There are two power sources for the Beetle in 2012: the base Beetle draws its power from a 2.5-liter, inline five-cylinder with electronic fuel injection, while the Turbo Beetle moves down the road powered by a 2.0-liter, turbocharged and intercooled, electronically fuel injected four-cylinder engine. The base model’s engine produces 170 horsepower at 5,700 rpm along with 177 pound feet of torque at 2,250 rpm while the turbo Beetle delivers 200 horses at 5,100 rpm while generating 207 pound feet of torque at 1,700 rpm. Both Beetles’ liquid-cooled engines are mounted up front and drive the front wheels via either a six-speed manual or 6-speed DSG automatic with paddle shifters.
Inside, styling, ergonomics and quality work together creating a new friendly atmosphere with a highly individual nature. The shapes and use of color of the painted or carbon fiber-look dashboards are reminiscent of the first Beetle. Three round gauges are centered in front of the driver, including a tachometer, speedometer and fuel gauge, that provide all pertinent information at a glance.
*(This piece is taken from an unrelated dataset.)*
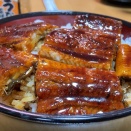 今日は土用の丑の日、ロピア謹製７７７円の鰻で、鰻丼を作って頂きました。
The speedometer incorporates a multifunction display and the steering wheel is designed with optional painted spoke accents, depending on the equipment line. Another option is the audio/navigation system. In similar fashion to the original Beetle, there is an extra glovebox integrated into the dash.
Despite the lowered roofline, the 2012 Beetle actually provides an additional 0.4 inches of headroom and the trunk space is significantly larger, with 29.9 cubic feet when the rear seats are folded flat.
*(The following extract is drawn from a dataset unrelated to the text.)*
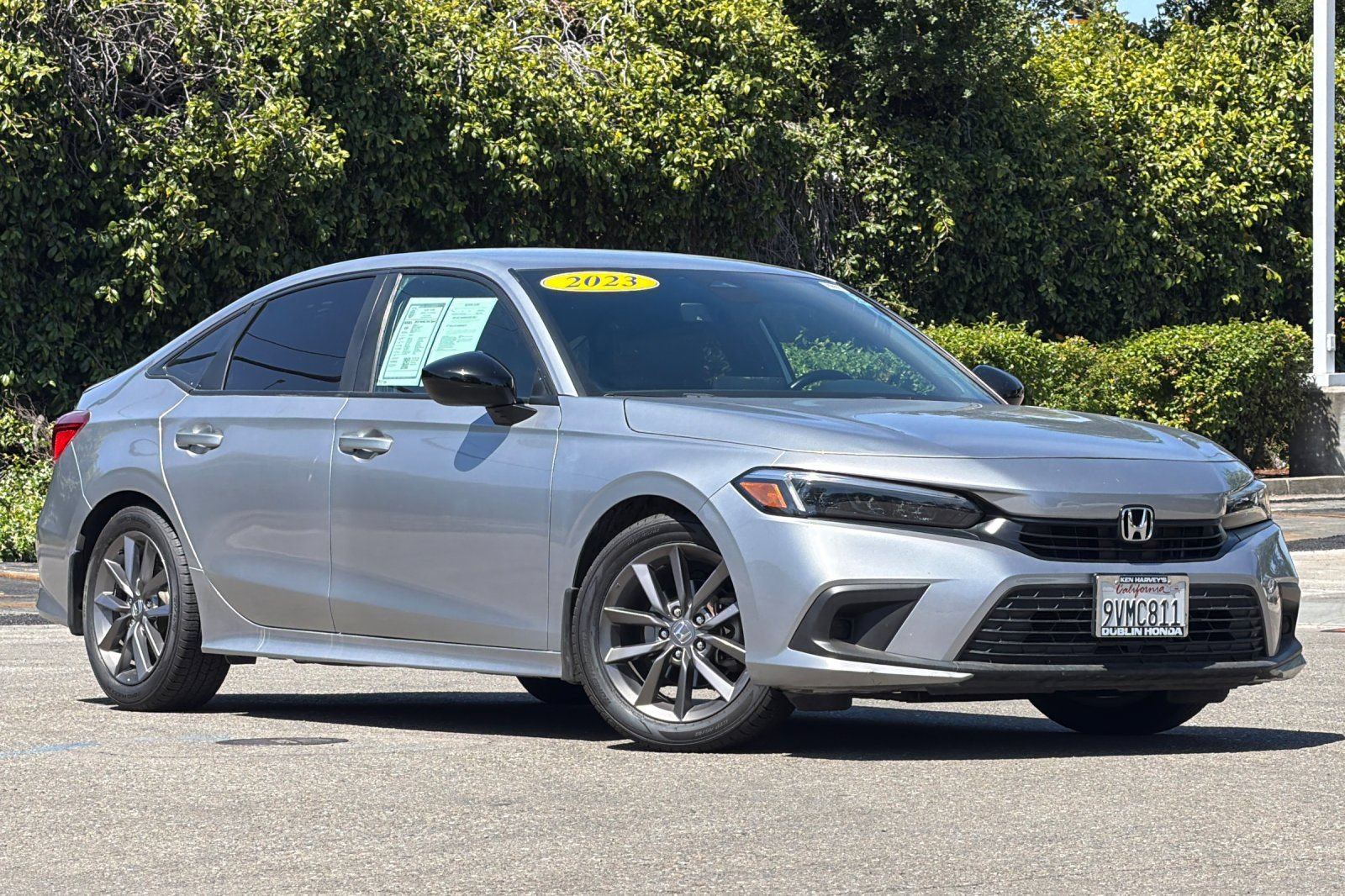 Used 2023 Honda Civic Sport image 2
The Beetle starts at $18,995 with a manual gearbox and comes standard with a split folding rear seat, aux-in for portable audio players, a leather-wrapped steering wheel, customizable 17-inch alloy wheels and an 8-speaker audio system. There are also a host of available and desirable options, including a Fender Premium Audio System. The Turbo version starts at $23,395 with the option of Volkswagen’s DSG dual clutch automatic transmission with paddle shifters. The Turbo adds to the Beetle’s standard fare with: Bluetooth technology, iPod connectivity, three color ambient lighting, larger brakes with red-painted calipers, the kaeferfach additional glovebox, sport seating surfaces, 18-inch alloy wheels, a rear spoiler, foglights, three additional dashboard gauges; and alloy pedals.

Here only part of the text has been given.